Восточные отголоски мы находим в «Песне о Роланде» и в «Песне о моем Сиде» (битва с сарацинами и маврами), в рыцарском романе. «…ориентальная струя явственно прослеживается в средневековой поэзии Европы. В аллегорическом “Романе о Розе”, также как в лирике немецких миннезингеров, совсем по-восточному перекликаются Роза и Соловей. Восточная образность и символика обнаруживаются и в любовных песнях вагантов, и в так называемом “новом сладостном стиле” итальянской лирики» [61, с. 20].
Фольклорные произведения Средневековья характеризуют Восток поразному: «тирания и деспотизм, захватническая политика восточных империй – с одной стороны, а с другой – своеобразная и богатая культура, красочная и экзотическая природа, народная мудрость и невозмутимый душевный мир простого труженика <…>» [99, с. 12].
Литература Возрождения в лице Дж. Чосера (ок. 1343-1400), К. Марлоу (1564-1593), У. Шекспира (1564-1616), Д. Мильтона (1608-1674), А. Бен (1640-1689) также широко разрабатывала мотивы, сюжеты и образы восточной литературы, фольклора, философии и религии. До XVII в. восточные мотивы имели полусказочный, полуфантастический характер. Английские писатели использовали их с различными целями.

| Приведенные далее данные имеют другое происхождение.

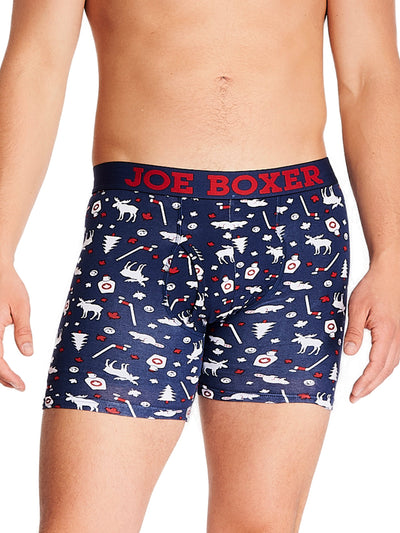 Joe boxer men's boxer briefs blue boxer brief with small red and white maple leaves and other things representative of Canada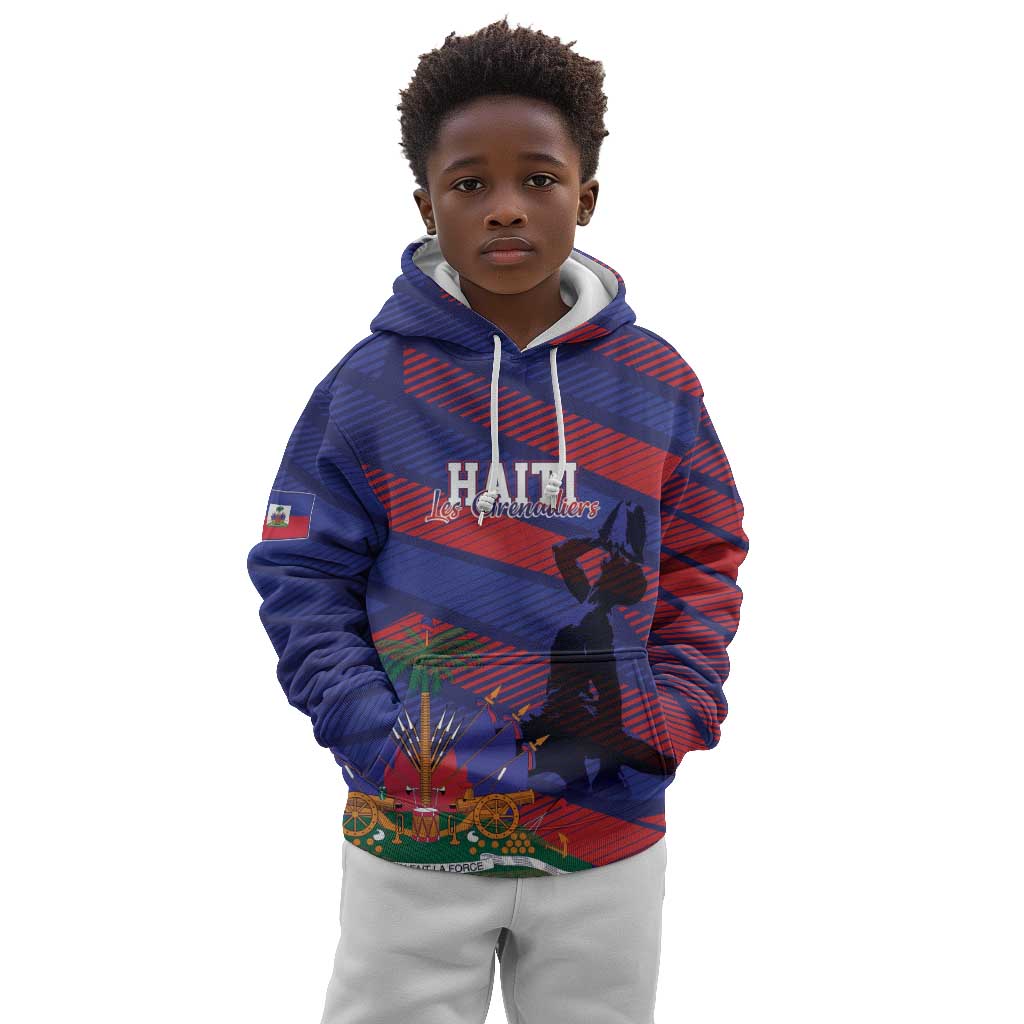 Afro-Haiti Football Personalized Les Grenadiers Kid Hoodie Echoes of History - African Pride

Во-первых, ориентальные темы и образы могли входить непосредственно в художественную структуру произведения для создания восточного колорита, обрисовки «восточных» персонажей. Во-вторых, писатели могли использовать структуру восточных сказок, легенд и повестей, например, излюбленную арабскими и индийскими писателями рамочную конструкцию (Дж. Чосер «Кентерберийские рассказы», 1380-е; подобным образом построены книги Дж. Боккаччо «Декамерон», 1350-1353, и Маргариты Наваррской «Гептамерон», 1558), как и восточную стилистику (пышный, витиеватый, цветистый слог). И, в-третьих, восточная тематика могла быть использована как внешняя оболочка для передачи некого актуального «западного» содержания. Одним из первых к этому обратился английский драматург, младший современник Шекспира Ф. Мэссинджер (1583-1640). Его трагедия «Верьте, если хотите» (1631), содержащая, по словам А.А. Елистратовой, «опасные суждения по части англо-испанских отношений» [55, с. 129], была запрещена и получила разрешение к постановке только после того, как автор переложил ее на «азиатские» нравы.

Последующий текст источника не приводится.